Auckland Council says this city has "less than 100 buildings" clad with aluminium composite panels - a building material used on the Grenfell Tower block which burnt down last week in London.

In the wake of the fire Building and Construction Minister Nick Smith asked the Ministry of Business, Innovation and Employment "to contact councils and check whether any high-rise buildings have been constructed with these materials".

Ian McCormick, Auckland Council's building control general manager, said even though Auckland had buildings with aluminium composite panels (ACP), they were not necessarily dangerous.

"Following a survey and documentation review, we identified a number of buildings around the Auckland region that interested us and have found less than 100 that use ACP panels. This is across a range of building types and in some cases it is used as a small design feature, rather than cladding an entire building. This work is still ongoing," McCormick said.


The council had already taken action after Melbourne's Docklands fire two years ago, he said, and was not just reacting to the London fire and MBIE's call, he said.

Investigations were not complete and full findings might not be out for some months.

"In the wake of the Victorian State enquiry into the Lacrosse Apartments' fire in Melbourne, Auckland Council continues to re-examine its approach towards aluminium composite panels," McCormick said.

"To date we have found no evidence of inappropriate use of these products.
The events in London will continue to inform our work." he said.

Sean Marshall, managing director of building consultants Prendos in Auckland, said some high-rises in the city's CBD were clad in ACP and he was worried about "product substitution" where non-compliant panels might have been used.

"Aluminium composite panels are available in New Zealand and if you walk around Auckland CBD you can see many examples. This is not to say that they are non-compliant. We do not know," Marshall said.

Smith said rules were tightened seven months ago.
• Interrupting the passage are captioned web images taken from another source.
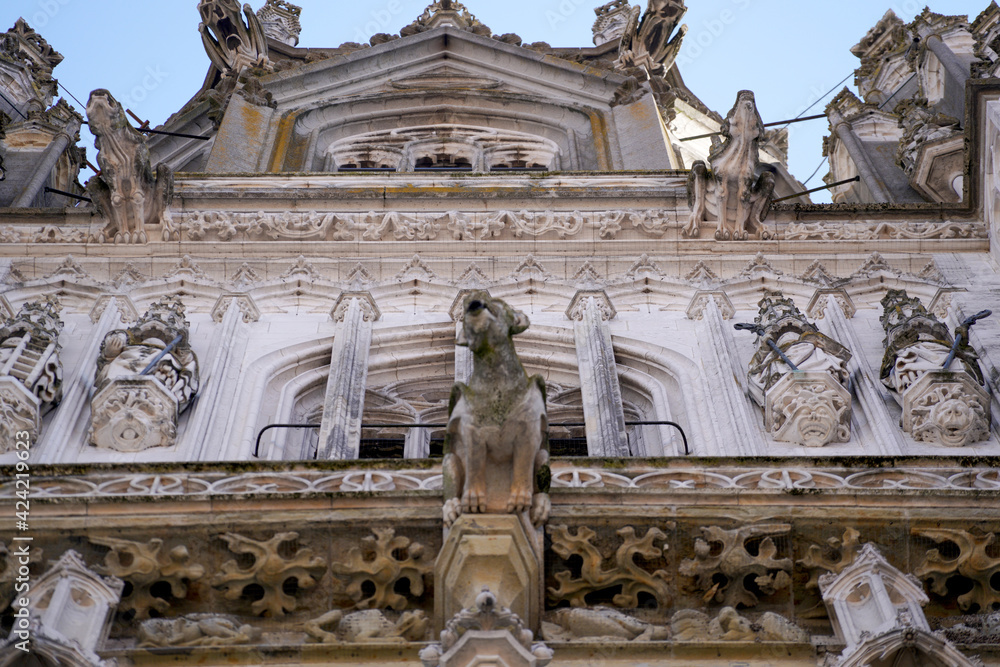 Obraz premium Dom St Peter in Regensburg, detailed shots with the telephoto lens in spring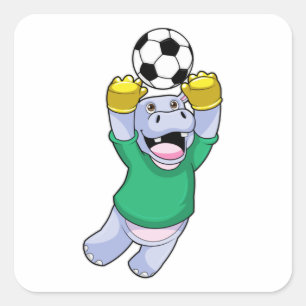 Hippo at Soccer Sports Square Sticker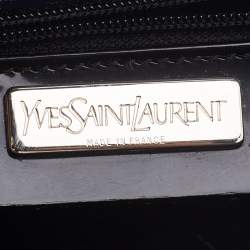 Pre Owned Yves Saint Laurent Blue Patent Vintage Tote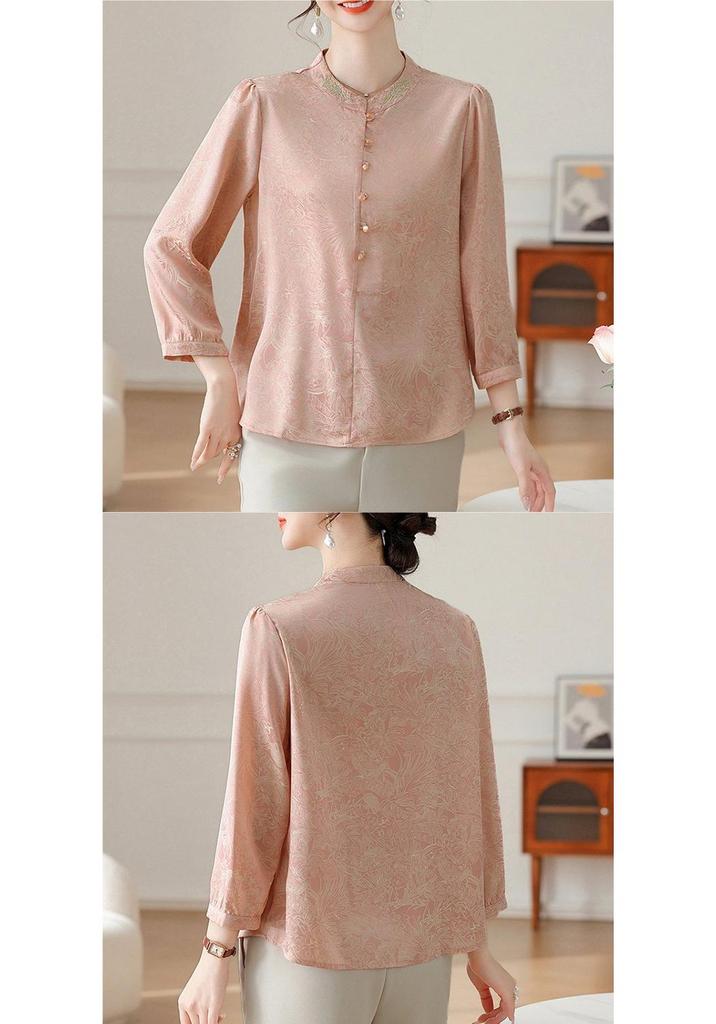 Women's Summer Seven-Sleeve Shirt: New Chinese National Style Tummy-Covering Top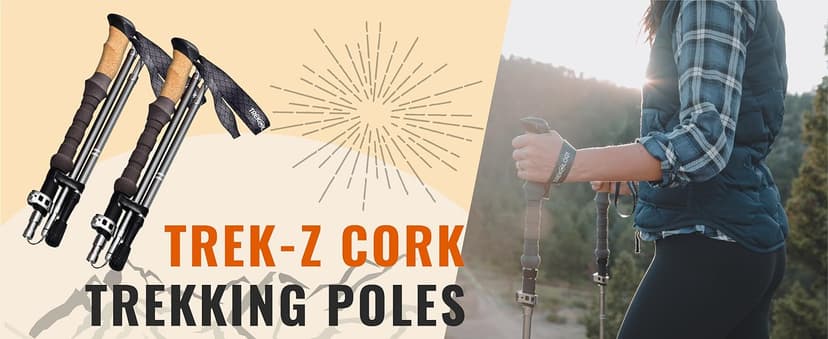 TREKOLOGY Trek-Z Cork Grip Trekking Poles – Lightweight Folding Hiking Poles, Adjustable Height, Compact Travel Design, Aircraft-Grade Aluminum Walking Sticks for Men & Women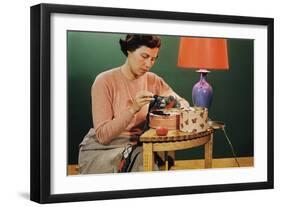 Woman Darning Socks-William P. Gottlieb-Framed Photographic Print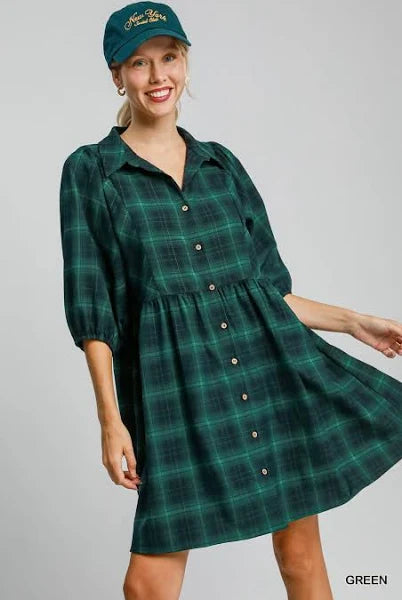 Umgee Favorite Plaid Mini Dress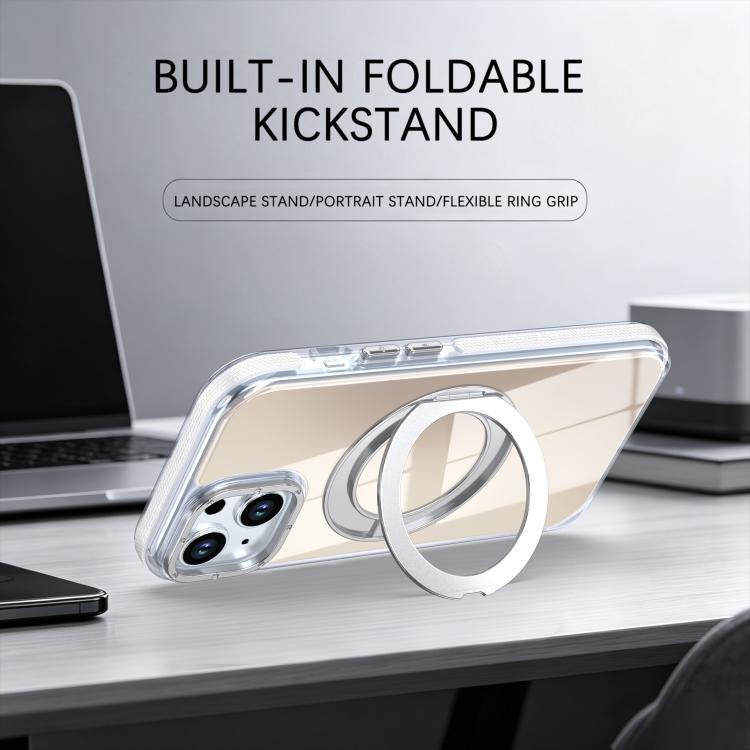 For iPhone 15 Plus Dual Color Gradient Discolor 360 Degree Rotation Holder Magnetic Phone Case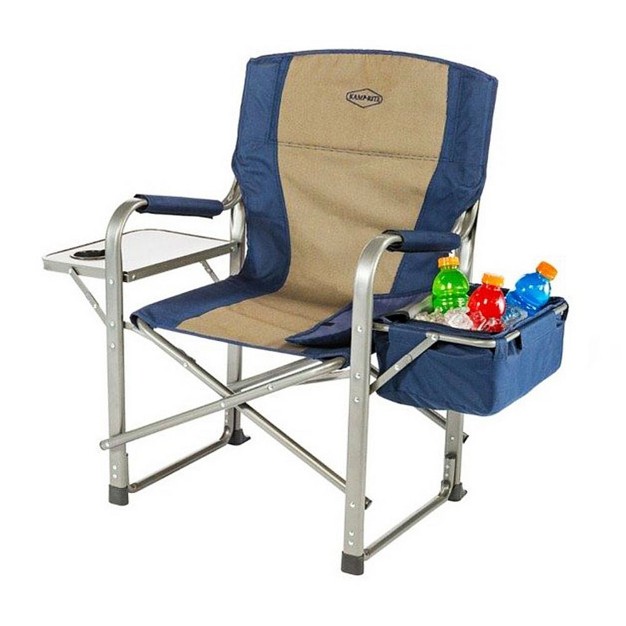 Kamp rite Portable Folding Director x27 s Chair With Cooler Side Table amp Cup Holder For Camping Tailgating And Sports 350 Lb Capacity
"New Zealand is less exposed to the risks of fire as a result of combustible claddings on high-rise buildings due to these products being restricted earlier this year," he said last week.


"The Government amended Building Code provisions in January this year to restrict the use of combustible cladding systems in buildings following fires in Melbourne and Dubai. I am advised that these systems are not prevalent in New Zealand.

"New Zealand's style of housing is shifting, with more people living in high-rise apartments that carry greater risks from fire hazards. Our building regulations need to keep pace with this change in living styles and ensure that New Zealand never experiences what occurred at the Grenfell Tower in London," Smith said.

"The Government is further tightening the fire safety requirements for high-rise buildings with proposals put out for consultation in May," he said.

"These proposals clarify the responsibilities between structural and fire engineers, tighten the verification methods for claddings and fire-fighting provisions such as water supply and location of fire hydrants in the building and improve the process for the development of alternative solutions."